In a significant development, the government has earmarked a substantial P1.4 billion for acquisition of 45,000 hectares of land in the North West District from the Tati Company.
The Minister of Land Management, Water and Sanitation Services, Kefentse Mzwinila, disclosed this to journalists in a presser in Palapye recently where he also outlined a disbursement plan spanning the next two financial years.
He said the decisive step signifies a crucial juncture for Botswana as it reclaims a tract of land from the British-registered Tati Company, which has been a focal point in the struggle between the government’s development objectives and the immediate needs of Batswana for housing, farming and grazing land in the North East District.
Minister Mzwinila noted that after 153 years under colonial rule, the Botswana Government has finally concluded acquisition of the last piece of land owned by the company, demonstrating a strong commitment to addressing the historical complexities associated with colonial land ownership.
Tracing its roots back to 1870 when Cecil Rhodes assumed control of the land, the Tati Company evolved into the largest private landowner in the region, exerting influence over a vast territory with both historical and economic significance.
Valued at over P1.4 billion, this substantial acquisition marks the dismantling of Botswana’s largest private landowner.
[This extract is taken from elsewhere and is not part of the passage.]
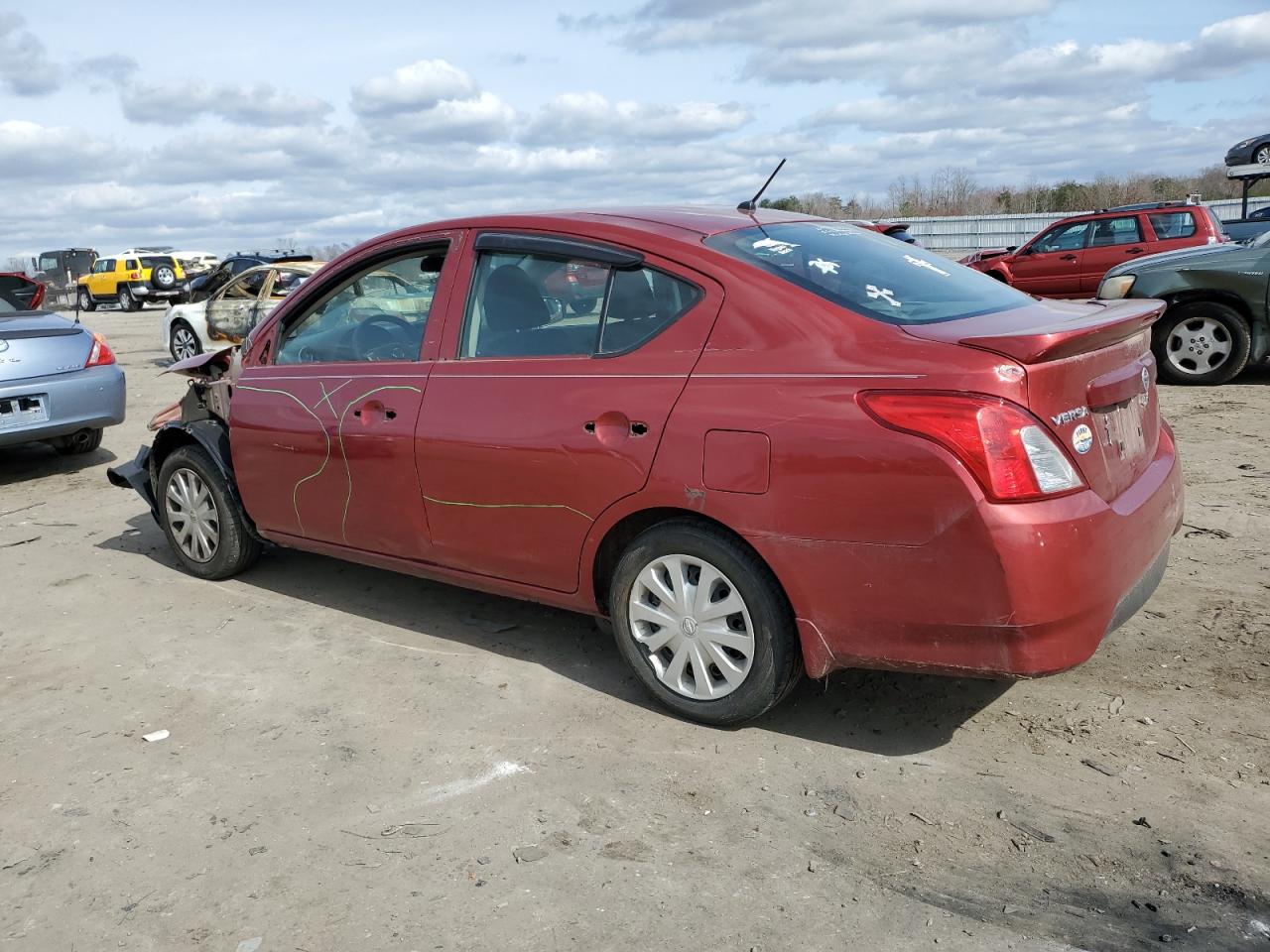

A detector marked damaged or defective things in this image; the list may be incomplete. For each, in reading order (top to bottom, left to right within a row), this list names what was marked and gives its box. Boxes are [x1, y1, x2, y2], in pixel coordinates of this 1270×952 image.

exposed wheel well [588, 508, 787, 619]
As Minister Mzwinila said, the government’s strategic move signals a shift in priorities, emphasising the delicate balance between preserving history and meeting current needs for housing, farming and grazing land.
The return of these 45,000 hectares to Batswana underscores a broader commitment to promoting socio-economic development.
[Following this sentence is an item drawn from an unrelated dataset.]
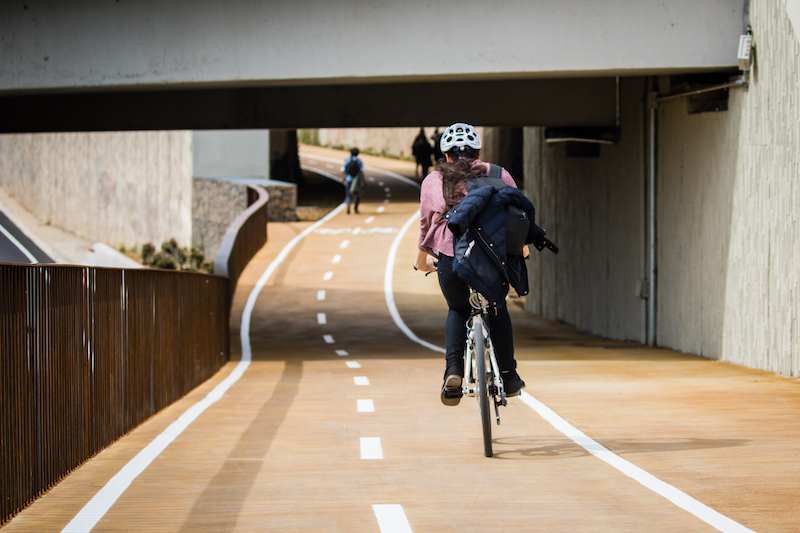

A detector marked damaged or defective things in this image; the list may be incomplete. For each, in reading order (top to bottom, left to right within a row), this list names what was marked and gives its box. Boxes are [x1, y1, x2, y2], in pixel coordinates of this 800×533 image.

rusty metal fence [212, 186, 268, 304]
rusty metal fence [1, 264, 230, 520]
To benefit local communities
Beyond land acquisition, the government envisions responsible resource management to benefit local communities, presenting a unique opportunity for implementing sustainable practices, supporting agriculture, housing development, and community-driven projects.
As Botswana navigates the path between honouring its history and shaping a progressive future, the acquisition of Tati Company’s last remaining land holds profound implications.
Dismantling colonial-era imbalances
It stands as a testament to the government’s dedication to addressing the needs of its people while dismantling remnants of colonial-era imbalances.
The government’s substantial investment in acquiring Tati Company’s land exemplifies a commitment to shaping a future that is not only economically prosperous but also grounded in the principles of equity and historical justice.